Mesmo com o esforço de expandir o Novas Frequências para além do Rio, e da esperança de encontrar novos caminhos para realizar um festival internacional de vanguarda em São Paulo, Chico tem muita dúvida da sustentabilidade desse tipo de projeto. “O modelo festival como o Novas Frequências está com os dias contados. A gente ainda é um nicho pequeno e está brigando pelo mesmo dinheiro que todo mundo. E o poder público se envolve pouco. Existe uma preocupação muito grande, quando o governo está envolvido, com descentralização, democratização e diversidade. Então, um festival como esse é visto como de elite. Ele não vai pegar a mesma verba que um festival periférico, de cultura preta, ou que tenha temas que dialoguem com o espírito do tempo.”

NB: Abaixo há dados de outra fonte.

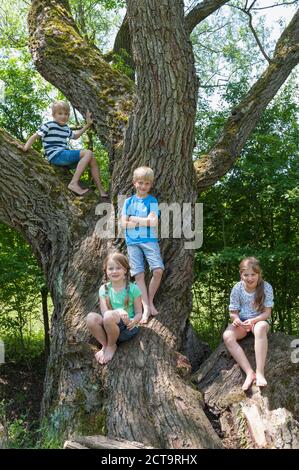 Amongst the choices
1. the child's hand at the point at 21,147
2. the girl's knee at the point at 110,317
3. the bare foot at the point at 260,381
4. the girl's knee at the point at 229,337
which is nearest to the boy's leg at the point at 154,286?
the girl's knee at the point at 229,337

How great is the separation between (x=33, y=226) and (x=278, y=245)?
149 inches

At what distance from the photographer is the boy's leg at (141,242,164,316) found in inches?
252

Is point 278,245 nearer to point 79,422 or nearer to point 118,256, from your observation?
point 118,256

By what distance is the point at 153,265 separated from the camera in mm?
6383

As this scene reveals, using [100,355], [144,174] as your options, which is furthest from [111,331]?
[144,174]

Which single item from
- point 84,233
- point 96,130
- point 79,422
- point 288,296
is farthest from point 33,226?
point 288,296

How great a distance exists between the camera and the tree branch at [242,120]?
26.1 feet

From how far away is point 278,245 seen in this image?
896cm

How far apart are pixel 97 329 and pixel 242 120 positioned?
393 centimetres

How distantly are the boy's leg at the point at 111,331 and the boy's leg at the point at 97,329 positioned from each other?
5cm

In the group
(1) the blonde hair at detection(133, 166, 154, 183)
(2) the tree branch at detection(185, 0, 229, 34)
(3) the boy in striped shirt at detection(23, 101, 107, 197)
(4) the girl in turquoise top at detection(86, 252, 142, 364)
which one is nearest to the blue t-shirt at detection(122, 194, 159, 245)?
(1) the blonde hair at detection(133, 166, 154, 183)

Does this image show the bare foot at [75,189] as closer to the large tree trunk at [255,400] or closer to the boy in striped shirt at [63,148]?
the boy in striped shirt at [63,148]

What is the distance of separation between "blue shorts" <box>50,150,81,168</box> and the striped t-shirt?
0.17ft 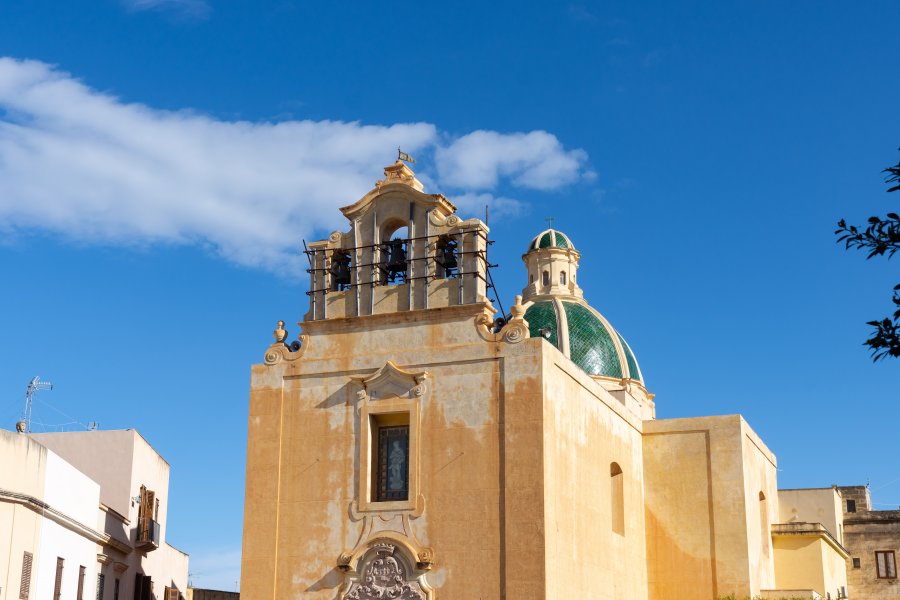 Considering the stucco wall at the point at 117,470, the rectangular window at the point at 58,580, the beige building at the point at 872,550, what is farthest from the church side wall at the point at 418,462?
the beige building at the point at 872,550

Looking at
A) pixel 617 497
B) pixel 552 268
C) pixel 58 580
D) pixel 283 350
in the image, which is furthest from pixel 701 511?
pixel 58 580

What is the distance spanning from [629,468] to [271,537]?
8128mm

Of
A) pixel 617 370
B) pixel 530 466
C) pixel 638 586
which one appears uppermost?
pixel 617 370

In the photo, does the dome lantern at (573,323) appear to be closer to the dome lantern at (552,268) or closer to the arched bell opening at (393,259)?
the dome lantern at (552,268)

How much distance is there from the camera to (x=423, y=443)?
21.4m

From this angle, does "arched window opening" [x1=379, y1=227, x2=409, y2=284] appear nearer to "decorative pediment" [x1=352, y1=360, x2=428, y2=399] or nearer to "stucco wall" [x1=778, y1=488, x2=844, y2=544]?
"decorative pediment" [x1=352, y1=360, x2=428, y2=399]

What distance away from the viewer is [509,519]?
2044cm

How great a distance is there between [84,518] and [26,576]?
280cm

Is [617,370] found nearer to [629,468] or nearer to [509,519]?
[629,468]

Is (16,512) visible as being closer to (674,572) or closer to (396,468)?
(396,468)

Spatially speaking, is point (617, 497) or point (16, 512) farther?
point (617, 497)

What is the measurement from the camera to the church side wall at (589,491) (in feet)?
68.7

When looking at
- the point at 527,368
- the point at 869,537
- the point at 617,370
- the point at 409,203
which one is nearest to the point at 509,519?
the point at 527,368

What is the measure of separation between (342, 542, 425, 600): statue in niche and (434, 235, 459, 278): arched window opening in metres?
5.14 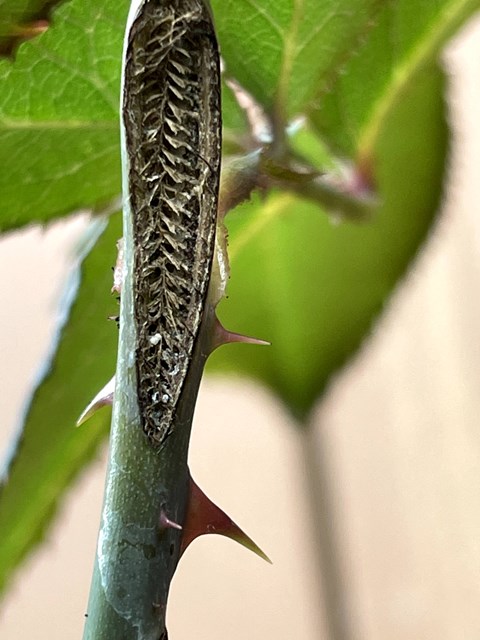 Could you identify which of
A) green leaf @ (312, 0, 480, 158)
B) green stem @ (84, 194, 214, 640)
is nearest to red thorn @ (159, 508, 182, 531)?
green stem @ (84, 194, 214, 640)

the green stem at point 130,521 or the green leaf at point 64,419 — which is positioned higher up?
the green stem at point 130,521

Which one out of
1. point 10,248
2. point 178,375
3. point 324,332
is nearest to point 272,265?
point 324,332

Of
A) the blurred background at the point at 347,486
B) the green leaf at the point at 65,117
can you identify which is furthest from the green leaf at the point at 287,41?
the blurred background at the point at 347,486

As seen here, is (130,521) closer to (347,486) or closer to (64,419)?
(64,419)

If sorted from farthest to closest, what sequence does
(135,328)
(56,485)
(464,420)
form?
(464,420), (56,485), (135,328)

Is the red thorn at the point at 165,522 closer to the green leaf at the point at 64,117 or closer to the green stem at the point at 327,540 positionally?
the green leaf at the point at 64,117

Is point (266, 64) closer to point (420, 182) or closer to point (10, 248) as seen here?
point (420, 182)

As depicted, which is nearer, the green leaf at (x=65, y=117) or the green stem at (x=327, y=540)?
the green leaf at (x=65, y=117)

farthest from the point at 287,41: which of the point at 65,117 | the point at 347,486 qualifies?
the point at 347,486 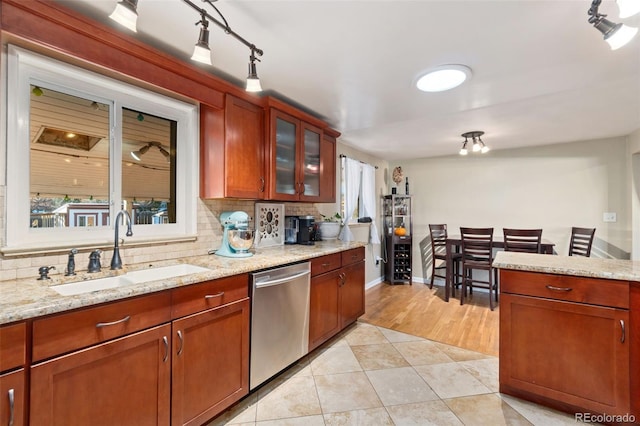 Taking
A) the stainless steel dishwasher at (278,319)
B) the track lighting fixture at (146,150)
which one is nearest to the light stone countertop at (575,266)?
the stainless steel dishwasher at (278,319)

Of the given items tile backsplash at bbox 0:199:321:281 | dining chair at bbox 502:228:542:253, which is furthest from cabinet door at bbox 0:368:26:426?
dining chair at bbox 502:228:542:253

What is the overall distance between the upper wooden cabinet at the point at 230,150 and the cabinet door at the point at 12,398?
1366 mm

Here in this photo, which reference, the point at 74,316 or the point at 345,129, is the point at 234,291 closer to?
the point at 74,316

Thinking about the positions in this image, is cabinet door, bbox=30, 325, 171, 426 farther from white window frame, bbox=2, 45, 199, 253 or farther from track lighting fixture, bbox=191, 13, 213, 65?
track lighting fixture, bbox=191, 13, 213, 65

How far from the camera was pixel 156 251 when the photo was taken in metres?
1.94

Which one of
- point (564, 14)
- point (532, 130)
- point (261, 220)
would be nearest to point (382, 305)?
point (261, 220)

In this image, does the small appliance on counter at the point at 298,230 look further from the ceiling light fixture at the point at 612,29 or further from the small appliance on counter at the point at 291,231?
the ceiling light fixture at the point at 612,29

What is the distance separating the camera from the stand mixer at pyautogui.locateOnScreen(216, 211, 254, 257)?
Answer: 2.09 m

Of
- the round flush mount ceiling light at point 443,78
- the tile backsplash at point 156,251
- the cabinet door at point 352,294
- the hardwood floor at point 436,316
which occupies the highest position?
the round flush mount ceiling light at point 443,78

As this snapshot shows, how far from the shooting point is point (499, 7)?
4.46 feet

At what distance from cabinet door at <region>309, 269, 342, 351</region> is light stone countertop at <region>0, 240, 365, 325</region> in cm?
46

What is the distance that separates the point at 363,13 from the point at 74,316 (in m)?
1.85

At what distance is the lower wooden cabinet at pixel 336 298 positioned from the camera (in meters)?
2.37

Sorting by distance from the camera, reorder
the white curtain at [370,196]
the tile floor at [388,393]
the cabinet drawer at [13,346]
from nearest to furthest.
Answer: the cabinet drawer at [13,346] < the tile floor at [388,393] < the white curtain at [370,196] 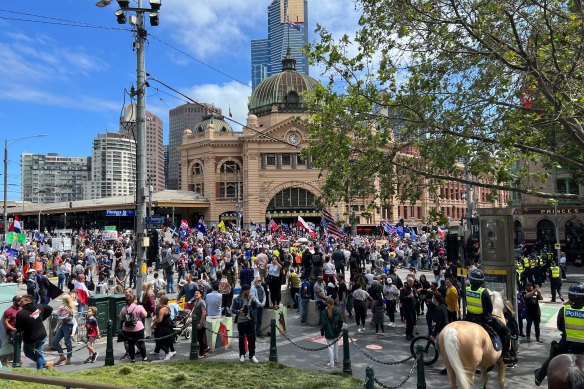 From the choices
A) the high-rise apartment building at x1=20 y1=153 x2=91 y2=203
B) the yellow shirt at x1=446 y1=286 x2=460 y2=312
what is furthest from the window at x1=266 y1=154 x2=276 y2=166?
the high-rise apartment building at x1=20 y1=153 x2=91 y2=203

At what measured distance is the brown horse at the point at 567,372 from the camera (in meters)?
5.84

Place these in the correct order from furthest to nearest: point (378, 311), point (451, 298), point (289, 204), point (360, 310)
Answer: point (289, 204)
point (360, 310)
point (378, 311)
point (451, 298)

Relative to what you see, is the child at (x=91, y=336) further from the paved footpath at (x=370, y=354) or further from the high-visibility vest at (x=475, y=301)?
the high-visibility vest at (x=475, y=301)

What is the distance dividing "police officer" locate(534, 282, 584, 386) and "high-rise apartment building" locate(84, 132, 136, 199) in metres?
149

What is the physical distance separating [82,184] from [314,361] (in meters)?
154

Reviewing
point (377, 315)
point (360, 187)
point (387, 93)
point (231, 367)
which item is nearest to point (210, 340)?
point (231, 367)

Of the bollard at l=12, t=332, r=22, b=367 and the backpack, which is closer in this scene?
the bollard at l=12, t=332, r=22, b=367

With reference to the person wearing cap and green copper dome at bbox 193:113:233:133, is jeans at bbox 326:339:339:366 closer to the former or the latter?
the person wearing cap

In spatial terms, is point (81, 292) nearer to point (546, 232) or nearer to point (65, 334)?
point (65, 334)

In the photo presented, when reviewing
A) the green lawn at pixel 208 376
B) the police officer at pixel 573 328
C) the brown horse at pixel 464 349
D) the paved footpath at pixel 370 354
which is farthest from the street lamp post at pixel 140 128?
the police officer at pixel 573 328

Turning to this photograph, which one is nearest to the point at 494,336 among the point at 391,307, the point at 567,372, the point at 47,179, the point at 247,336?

Se perspectiva financeira não é das mais animadoras, o melhor é se voltar para a arte. Talvez, neste ano nada dê mais um sopro de esperança do que a instalação de Craca no Rio, vista aqui pelos olhos do Chico: “Está tudo muito muito difícil, complexo, distópico e triste. Escuro e cinza. Então, o tema Futuros Possíveis coloca um pouco de luz de volta nas utopias. Será que a gente consegue imaginar futuros possíveis que sejam mais alegres, com o bem viver e o bem-estar? O Craca trouxe a ideia de a gente pensar o futuro através da escuta. Então, é uma uma instalação com diversos altos falantes e cornetas espalhados pelo jardim da Casa Firjan, onde ele selecionou trechos de falas de diversos teóricos e pensadores, de líderes indígenas e filósofos, escritores e ele mesmo se inseriu nessa conversa, conversando com a filha e a esposa dele para pensar esses futuros.”